Thanks for the replies.

I'm not entirely sure what 2playgames is suggesting.  Will that let me achieve a blurred arbitrary shape?

I looked at JPhotoBrush: I think this performs a much smaller blur than what we perform.  We let our kernel size range from 0 (so it's an unblurred silhouette) to about 30 pixels (to give a decent blur).

keldon85 was right: there was a significant memory leak in our existing model.  We were using Vincent Hardy's CompositeOp to run 2 filters consecutively.  It turns out the first filter was always passing "null" as its destination image, so we were making a new image.  So I cleaned that up.

Also I wrote my own ConvolveOp that skipped continuous blocks of the same color.  So for large continuous shapes, our shadows now render in about half the time they used to.  For discontinuous shapes (like text) rendering time is about the same.

So rendering a shadow with a kernel size of 25 on a 400x400 square now takes about 131 ms on my iMac.  (It used to take 282 ms.)

We'd still be very interested in other approaches to shadows, but at least we can report back that we made some progress.  Smiley
Offline keldon85

Senior Member


Medals: 1



« Reply #4 - Posted 2007-07-31 20:55:02 »

Maybe try not calculating pixels you will not be able to see, which will only make gains as more pixels are obscured. There are a few things you can do when creating large blurs (like 30 pixels), and that is to borrow from mip mapping. You first compute low resolution versions of the image depending on the accuracy you want, for example you might store image/1, image/2, image/4 and so on, or just image/1, image/4, image/16. Then rather than doing a 61x61 convolution you end up doing much less calculations by using the lower resolution version of the image as it is further away.

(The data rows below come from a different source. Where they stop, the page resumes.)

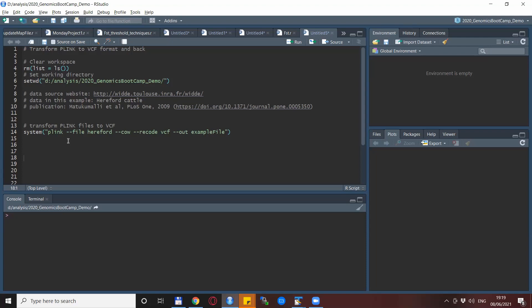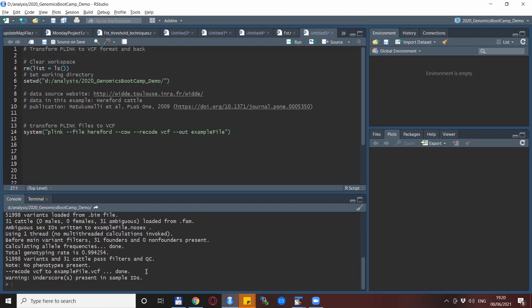From Plink to VCF it is quite straightforward. You use any data you want already in Plink format and you use a dash-dash recode statement with a VCF modifier. After we run this we get the VCF file with the name that we specify in the dash-dash out statement.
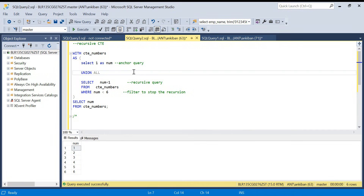Hello everyone, welcome back to the channel. Today's video we are going to discuss another LeetCode problem — a very interesting problem. There is a lot to learn in this problem, so please watch till the end and hit the like button. If you have not subscribed to the channel, please do subscribe.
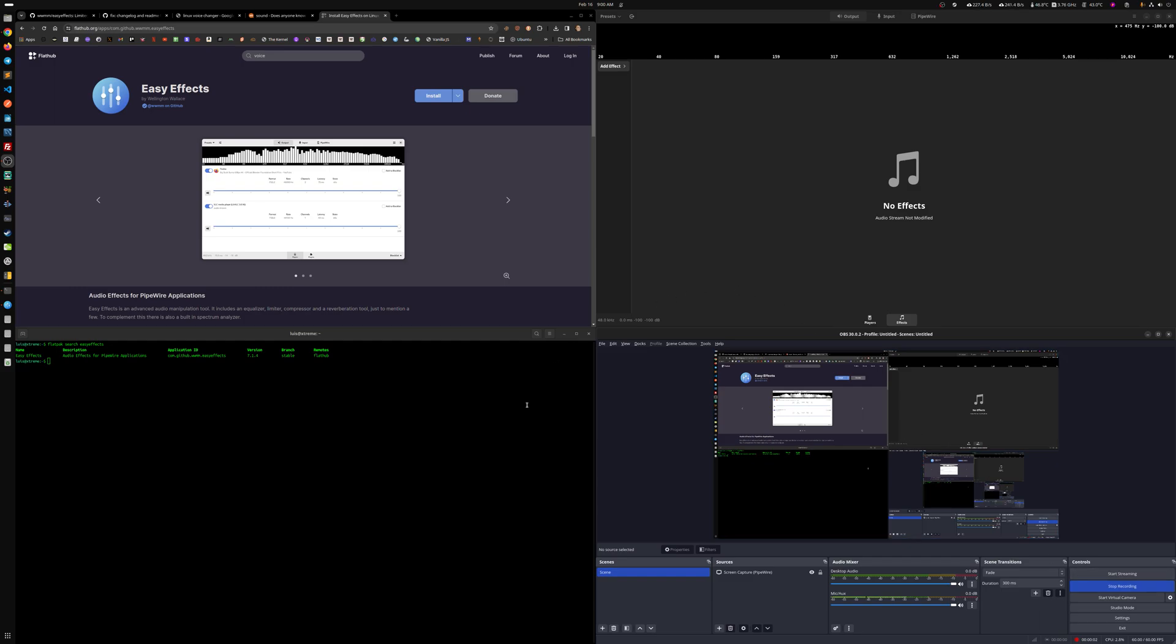Hello everybody and welcome to another video. We're going to be going over EasyEffects, which is for me, for now, the easiest way to have real-time audio modifications.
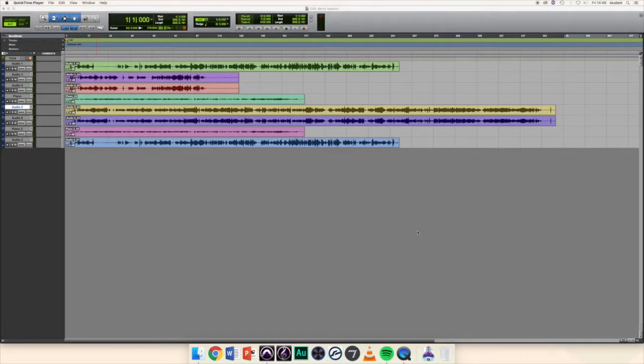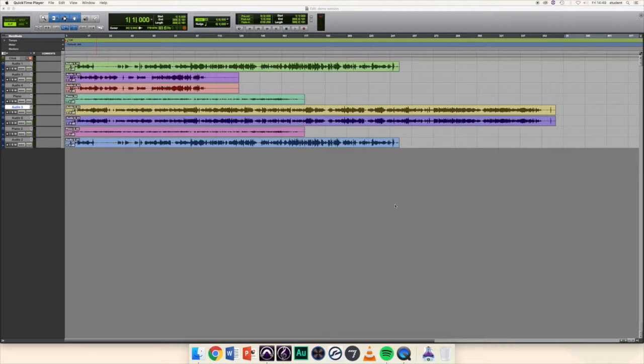In this video we'll be looking at clearing unwanted audio from your Pro Tools session. Your session probably contains several takes of recordings that aren't in the final mix, so when you come to hand in your session for assessment, you should get rid of these to make sure they aren't taking up unnecessary space on your USB drive.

For example call the centre pixel when applying the convolution (0,0), rather than computing for all (i,j) where -31<i<31 and -31<j<31, you use lower the lower resolutions to calculate further pixels since they make less of a difference anyway. Right now the complexity is O(n^2) per pixel where the blur size is n/2, you should be able to use this technique to get it to O(n log n).